Stuffed tomatoes are another in the delicious line of traditional Greek stuffed vegetables, or gemistes. This recipe also features the very Greek use of sweet, dried fruits in savoury dishes.
8 large tomatoes
1 cup chopped onion
1 cup (uncooked) rice
1⁄2 cup olive oil
1⁄4 cup currants
1⁄4 cup pine nuts
1⁄4 cup fresh mint
1⁄4 cup fresh dill
2 cups water
11⁄2 tsp salt and pepper
1 cup of tomato insides, mashed
3⁄4 cup warm water (in addition to 2 cups above)
Slice off top of each tomato to make small lids.
Scoop out insides of tomatoes and save 1 cup. Mash tomato insides well and set aside.
Toast pine nuts in pan over medium heat for 2-3 minutes until very lightly brown. Finely chop and combine fresh herbs. Set aside.
Sauté onions until soft then stir in rice and cook on low for 5 minutes. Add pine nuts, currants, herbs, tomato insides, rice and 2 cups water. Bring to simmer, cover and cook for 10 minutes.
Allow filling to cool for approximately 10 minutes before filling tomatoes. You can make filling up to 5 days ahead of time and keep covered in refrigerator until ready to fill/bake. Remember to bring to room temperature before using.
When ready to bake, fit tomatoes into a pan which holds them snuggly and fill each tomato to the top with rice filling. Cover filled tomatoes with lids and brush tops and sides with olive oil. Add 3⁄4 cup warm water to the bottom of the pan in between stuffed tomatoes and bake for 1 1⁄2 hours in 375° oven.
Greek Style Fried Zucchini
When your garden is overflowing with zucchini this fried zucchini recipe is a simple and easy vegetable dish that is great for parties and get-together.
2 lbs. Zucchini
Flour (Use gluten-free if following a gluten-free diet)
Olive oil for frying
Mix salt and pepper into flour. Dip each into the seasoned flour and shake off any excess.

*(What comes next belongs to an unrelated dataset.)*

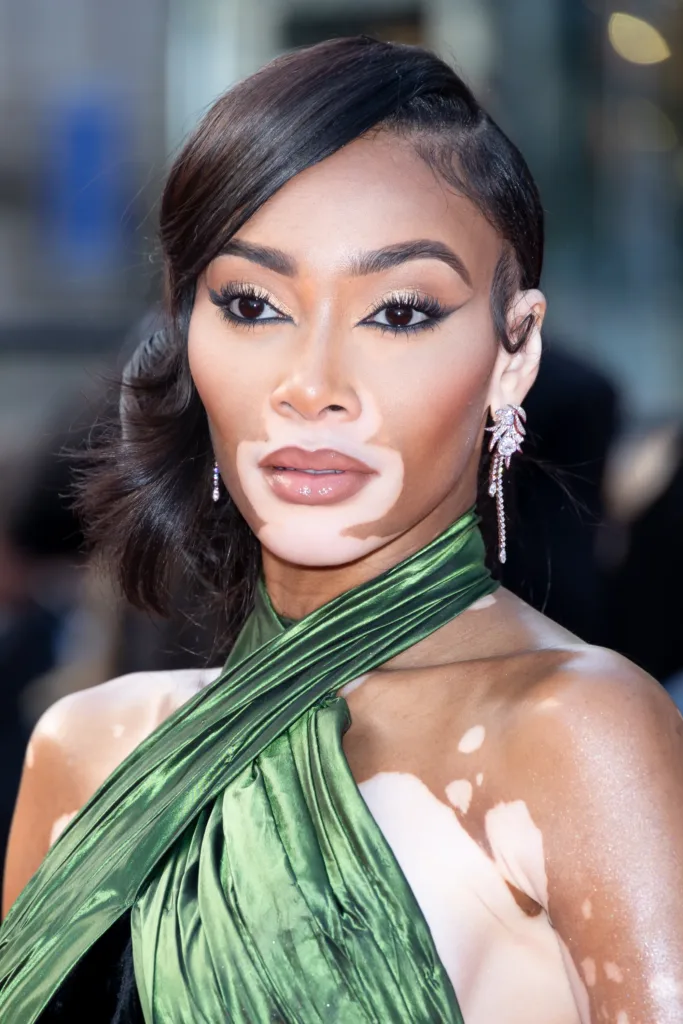 Winnie Harlow in green cloth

Heat olive oil in a large frying pan.
Fry a few zucchini slices at a time in the hot oil until golden brown.
Serve with skordalia or tzatziki dipping sauces.
Skordalia recipe (Traditional Greek Potato and Garlic dip)
If you love garlic, then you have to try this amazing traditional Greek skordalia recipe! Skordalia is a rich and hearty Greek potato dip, which takes its name by the basic ingredient used to prepare it and is of course skordo (garlic).
5–6 medium potatoes
5–7 cloves of garlic (according to preference)
2 tbsps red wine vinegar
1/2 a cup extra virgin olive oil
1/2 a cup water (from the boiled potatoes)
1 tbsp salt
Wash and peel the potatoes and place them in a large saucepan. Cover with cold water and bring to the boil. Lower the heat to a gentle simmer and cook for about 30 minutes until tender. Drain them in a colander and keep 1/2 a cup of the boiling water.
In a food processor add 1/2 a cup of the boiling water, the garlic, red wine vinegar and season with salt. Blend until the garlic is diluted. Cut the potatoes in pieces, add them in the food processor and blend to combine. Pour in the olive oil a little bit at a time, whilst blending, like making mayonnaise. Blend until the oil is incorporated and the mixture is smooth and creamy.
When making a skordalia recipe, it is essential, that the potatoes are hot. If the potatoes are cold, then it will be difficult to combine the ingredients and the skordalia will become lumpy.